Przez te cztery lata nie tylko urodziłam dwóch synów. Urodziłam nową kobietę. Stałam się nową kobietą.
Mam tylko wrażenie, że nie dane mi jeszcze było jej do końca poznać.
Chcę na nowo odkryć swoje ciało. Widzę w lustrze, jak bardzo się zmieniło. Jest trochę zmęczone, trochę obolałe, trochę bardziej wiotkie i elastyczne. O wiele silniejsze.
Chcę je na nowo poznać. Ciekawi mnie jak ono właściwie czuje.
To nie tak, że straciłam z nim kontakt. Przecież ciągle tu jestem. Ale mam wrażenie, że nie miałam na nie wystarczająco dużo czasu, uwagi, siły.
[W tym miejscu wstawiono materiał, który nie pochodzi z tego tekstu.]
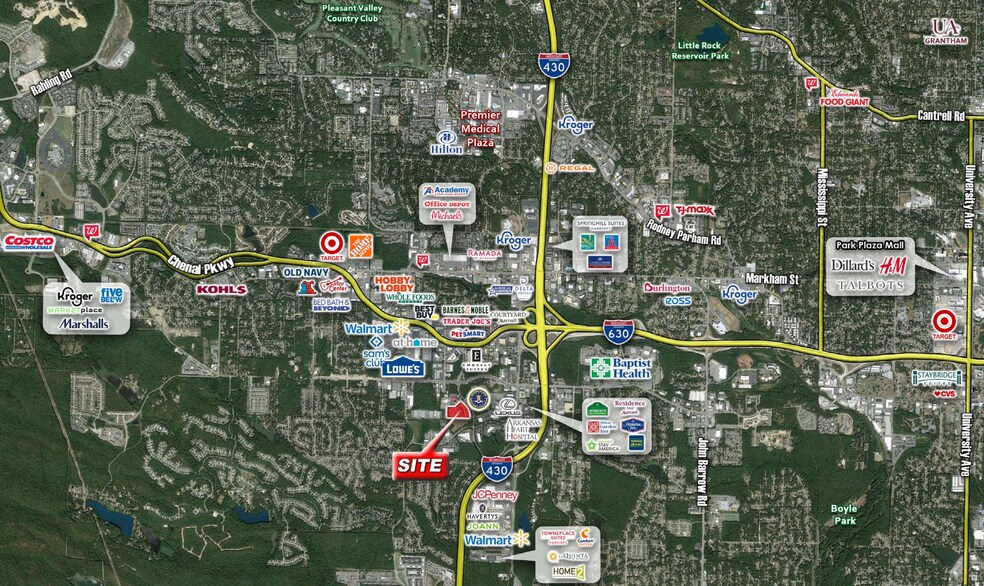 1400 Centerview Dr, Little Rock, AR à louer - Photo du bâtiment - Image 2 de 3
Teraz czuję, że przyszedł ten moment, aby się z nim na nowo zaprzyjaźnić. Odkryć. Pokochać.
Chcę na nowo spojrzeć na mojego partnera. On też się zmienił przez te lata.
Chcę poszukać nowych inspiracji.
Przez ostatnie cztery lata głównie dawałam. Teraz czuję, że przyszedł czas, aby brać.
Zamykam uszy na komentarze o egoizmie i samolubności.
Wiem, że dawanie i otrzymywanie musi iść w harmonii, w równowadze. Po co siać, jeśli nie ma się zamiaru zebrać plonów?
Ten czas w moim życiu na zawsze będzie święty, jedyny, ważny.
Praca w polu narodzin na zawsze pozostanie ważną częścią mnie. Kocham to. Czuję to. Wiem dlaczego jest to dla mnie ważne.
Ale czuję, że przyszedł czas zmian. Ponownego spojrzenia w siebie. Poznania.
Nowych wyborów.
Cieszę się tym. Czuję dreszczyk ekscytacji.
Idę na przód. Muszę się znów napełnić i rozpocząć kolejny cykl.